思うに、私が手紙を送って、向こうに届いて、先方から返信をいただくまで、ずいぶん悠長な時間が流れていると感じた。新しくなった郵便システムのせいなのだが、私の経験した戦後からの時代の範囲を超えて、小説で読んだような手紙のやり取りに掛かる時間のように思えた。このレトロな悠長さ。ある意味優雅である。これは裏時間に違いない。表時間には宅急便が当日配達される。
●「句跨り」について
花冠の俳句、現代俳句の多くでは、句跨りは珍しくないが、俳句の定型である5-7-5をきっちり守っている人たちにとって、このリズムの乱れには違和感を覚えるらしい。

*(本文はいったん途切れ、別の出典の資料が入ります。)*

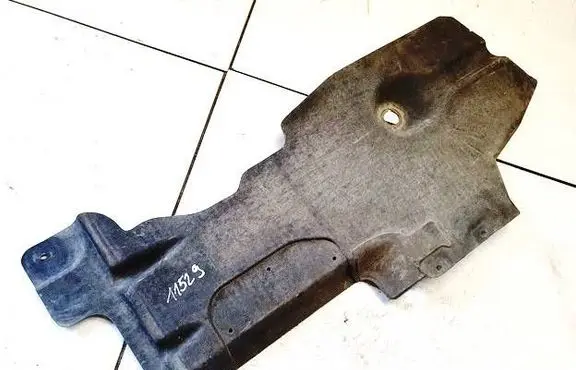 Volvo V40 Engine splash shield/under tray 31497086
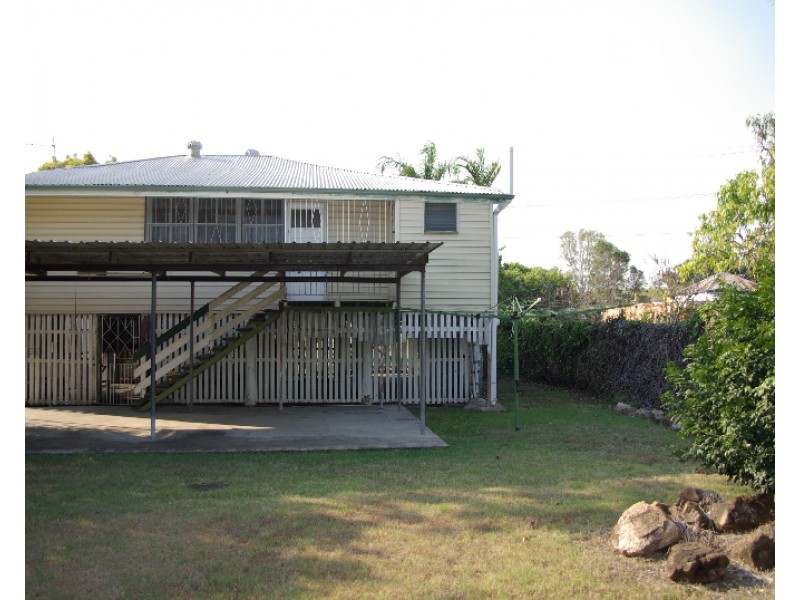 3 Main Street, Park Avenue QLD 4701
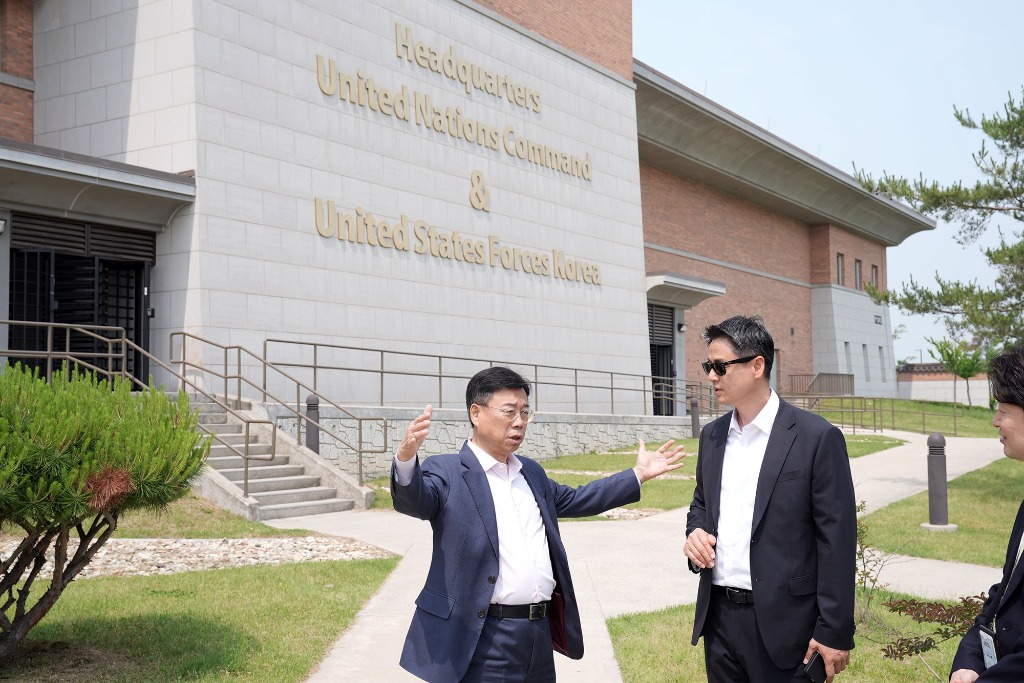 공보관-신상진 성남시장이 29일 주한미군 험프리스 기지사령관 초청으로 평택 기지를 방문해 설명을 듣고 있다.(2) .jpg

本年の「愛媛若葉9月号」に若葉主宰の鈴木貞雄氏の「句跨り」についての文章があった。いつ書かれたものかわからないが、書きおろしではなさそうだ。その文章から「句跨り」をどのように氏がお考えか、読み返してみた。破調については、韻律論から信之先生が論じておられる。
①芭蕉の「海くれて鴨のこゑほのかに白し」は、句跨りの句であるが、この句についての考察。
<「海くれてほのかに白し鴨のこゑ」と詠めば、整った五七五の句になるが、それを敢えて破調の句跨りで詠んだのは、一句が詩(漢詩)的発想であったからではないかと思われる。句跨りの調べには、五七五の調べとは違うニュアンスが生まれる。>
②夏蜜柑むき緑陰は二人のもの 風生
<一句は「夏蜜柑 むき 緑陰は 二人のもの」と区切って読めるが、意味の上から「夏蜜柑むき」と「緑陰は二人のもの」と句跨りで二分節となる。>
<現代風の軽妙さを出すために口語調の調べを選ばれたからであろう。>
③年木樵る音かつづきてゐしが止む 敏郎
<意味の上からは、「年木樵る音か」「つづきてゐしが止む」の二分節に分かれる。この句の場合も上五ご中七、中七と下五が句跨りである。敏郎先生は旅宿で、遠くの山から聞こえてくる音を聞くともなく聞かれていて「、年木を樵る音ではないかと気づかれたのだ。その訝しげな気持が、句跨りのプツンプツンと切れる調子となって表現されたのである。>
④木の葉降りやまずそぐないそぐなよ 楸邨
<一句は「木の葉降りやまず」「いそぐないそぐなよ」の二分節で、上五から中七にかけてが句跨りである。病中にあった楸邨が木の葉が頻りに降るのを見て、木と自分にたいして焦ることはない呼びかけるようにして詠んだ句である。昂進する心と抑制する心が、自然と句跨りの調べを生んだのである。>
まとめると、
外国文学の韻律からの影響をうけ、ニュアンスを生んだり、現代の時代の軽妙さや、現代人の複雑な気持ちや心情の流動を表すための句跨りや破調が起きている。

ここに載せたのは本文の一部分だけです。